A component of Governor Paul LePage's plan to attract manufacturers to Maine would violate federal law, labor unions told lawmakers Monday.

A component of Governor Paul LePage's plan to attract manufacturers to Maine would violate federal law, labor unions told lawmakers Monday.

Administration officials, however, said they are confident that the proposal would survive a legal challenge.

At issue is a bill submitted by LePage that would provide generous tax incentives to companies that invest more than $50 million and create 1,500 jobs if they locate in one the state's two closed military bases: Brunswick Naval Air Station or Loring Air Force Base.

At a public hearing before the Legislature's Labor, Research and Economic Development Committee, members of the public and lawmakers focused primarily on a section of the bill that would exempt companies located in so-called “right-to-work zones” from collective bargaining requirements.

In these zones, workers represented by a union would not be required to pay dues. In states that have right-to-work-laws, unions find it difficult to operate and organize.

While federal courts have allowed states to enact right-to-work laws statewide, the courts have never allowed such laws to be enacted only in portions of a state, said labor attorney Jeffrey Neil Young and Matt Schlobohm, executive director of the Maine AFL-CIO.

“This is clearly illegal,” Schlobohm said.

Young said federal courts in New Mexico and Kentucky have rejected municipal ordinances that set up right-to-work zones.

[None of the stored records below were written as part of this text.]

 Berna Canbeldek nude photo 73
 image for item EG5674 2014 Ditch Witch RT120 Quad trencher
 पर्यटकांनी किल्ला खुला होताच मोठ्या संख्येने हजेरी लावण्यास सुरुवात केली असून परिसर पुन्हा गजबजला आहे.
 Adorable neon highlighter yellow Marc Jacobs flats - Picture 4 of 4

LePage's senior economic policy adviser, John Butera, said the legal staff at the Legislature's Revisor of Statutes Office examined the issue and determined that states do have the authority to create right-to-work zones. No other state has created such a zone, but the Delaware Legislature recently considered a similar bill, he said.

Butera, who worked previously as a consultant helping corporations select sites for new factories, said company CEOs and presidents have told him numerous times that they would not consider expanding into a state that did not have a right-to-work law. The lack of such a law is often a “deal-breaker,” he told the committee.

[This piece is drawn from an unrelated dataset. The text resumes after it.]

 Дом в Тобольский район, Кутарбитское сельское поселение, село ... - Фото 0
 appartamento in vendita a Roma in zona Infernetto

Given that the bill would limit the right-to-work provision to just two areas and would go into effect only if large companies relocated there, opponents don't have much to worry about, he said.

“In our minds, there is no risk in moving this forward,” he said about the bill. “It just gives us the option to compete for high-profile projects.”

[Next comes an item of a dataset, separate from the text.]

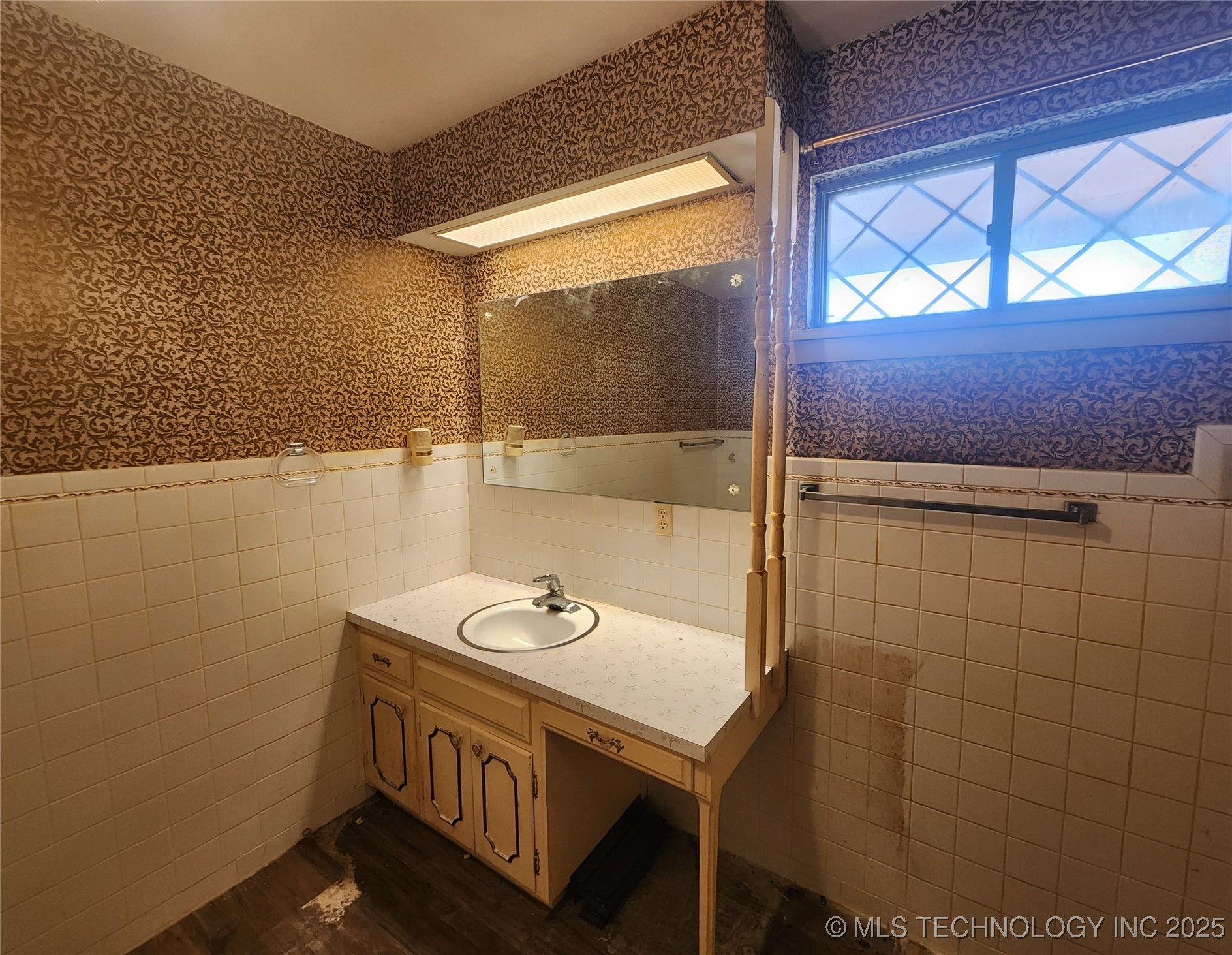 1672 S Velma Avenue Property Photo 56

The bill has no chance of passing with the right-to-work provision in it because Democrats strongly oppose such a measure, said Sen. John Patrick, D-Rumford, who co-chairs the committee.

However, he said, there is support for some of the bill's other provisions. They include allowing qualifying companies to keep 100 percent of their corporate income tax for the first 10 years that the project is in operation; a sales tax exemption; annual reimbursement for up to five years from the Efficiency Maine Trust for electric rates that exceed the national average industrial rate; and access to a pool of up to $400 million in long-term, credit-enhanced financing at taxable bond rates for a single project.

Rep. Amy Volk, R-Scarborough, the ranking Republican House member on the committee, said after the hearing that she would like to see the bill move forward even if it means compromising with Democrats and removing the right-to-work provision.

“I would like us to work something out,” she said.

While LePage is unlikely to support a compromise bill, Volk said, she hopes he would not oppose it.